In addition, in the present embodiment, the wafer moving mechanism 1 is disposed above the plurality of work tanks 2, and projections of the work tanks 2 on a horizontal plane are disposed around the wafer moving mechanism 1, so that the robot 11 can move to any of the work tanks 2.

Preferably, as shown in fig. 7, the projections of the work tanks 2 on the horizontal plane are the same distance from the fixed end of the robot 11 of the wafer moving mechanism 1. Through the structural arrangement, the horizontal degree of freedom of the wafer moving mechanism 1 drives the wafer clamp 12 to move among the plurality of working grooves 2 in a mode of rotating by taking the fixed end of the wafer moving mechanism 1 as an axis. For example, in the present embodiment, the robot 11 is rotated in the direction B so that the wafer chuck 12 fixed to the end thereof can be moved to above any one of the work tanks 2.

Then, when the wafer holder 12 moves above one of the working tanks 2, the wafer holder 12 is driven by the lifting/lowering freedom implementation part of the robot 11 into the working tank 2, and the rotation freedom implementation part realizes the relative rotation of the wafer in the plating solution when the wafer held by the wafer holder 12 is immersed in the plating solution.

Example 4

The present embodiment further provides a wafer plating unit 10, which has a structure substantially the same as that of the wafer plating unit 10 provided in embodiment 3, except that, as shown in fig. 8, the wafer plating unit 10 in this embodiment includes a plurality of wafer moving mechanisms 1, and these wafer moving mechanisms 1 transfer the wafers fixed in the wafer holders 12 in the plurality of working tanks 2 by using their own manipulators 11, so as to complete the plating process for the wafers. By providing a plurality of wafer transfer mechanisms 1, the wafer plating unit 10 can simultaneously perform a plating process for a plurality of wafers equal in number to the wafer transfer mechanisms 1, thereby improving the throughput. Meanwhile, compared with the wafer plating apparatus 100 in the prior art, in the wafer plating unit 10 provided in the embodiment, the number of the robots 11 is smaller under the condition of operating the same number of wafers, and the wafer clamp 12 does not need to be directly connected to the plurality of robots 11, so that the apparatus structure and the manufacturing process are simpler and more convenient.

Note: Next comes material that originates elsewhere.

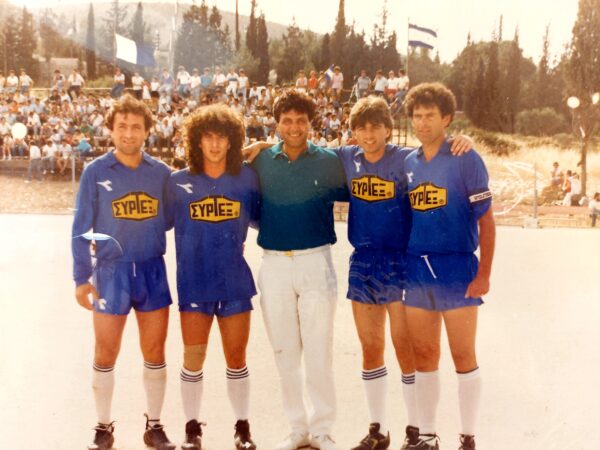 Α.Ο. Χαϊδαρίου 1985-86, όταν άλλαξε η ιστορία: Οι πρωταγωνιστές 16 Α.Ο. Χαϊδαρίου 1985-86, όταν άλλαξε η ιστορία: Οι πρωταγωνιστές 15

The wafer electroplating unit 10 in this embodiment includes 5 working tanks 2, specifically, 2 ECD tanks 21, 1 SRD tank 22, and 2 recycle tanks 23, and the specific layout thereof is shown in fig. 8. The manipulators 11 of the plurality of wafer moving mechanisms 1 are all six-degree-of-freedom moving mechanisms, so that the manipulators 11 can transfer the wafer clamp 12 to the working groove 2 at any position.

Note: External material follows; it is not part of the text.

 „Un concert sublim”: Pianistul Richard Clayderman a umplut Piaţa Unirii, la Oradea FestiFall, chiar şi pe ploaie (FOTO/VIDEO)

The fixed ends of the robots 11 are respectively installed at left and right sides of the work tanks 2 so that the robots 11 of the single wafer transfer mechanism 1 transfer the wafers among the ECD tank 21, the SRD tank 22, and the recycle tank 23 by the wafer chucks 12 through the movement with multiple degrees of freedom. Wherein only one SRD slot 22 is provided in this embodiment, since the frequency of use of the SRD slots 22 is relatively low.

Of course, in other embodiments, these wafer moving mechanisms 1 may be disposed at other positions to achieve the purpose of transferring the wafer holder 12 between different working grooves 2 through the multi-degree-of-freedom movement of the robot 11.

In addition, for the plurality of wafer moving mechanisms 1 of the wafer plating unit 10, the wafer chucks 12 of different wafer moving mechanisms 1 can be used for fixing wafers of different sizes respectively. For example, the plurality of wafer moving mechanisms 1 can respectively fix 3 inches, 4 inches, 6 inches, 8 inches, 12 inches and so on wafers, so as to meet the requirement that a single wafer plating unit 10 can simultaneously process wafers with different sizes.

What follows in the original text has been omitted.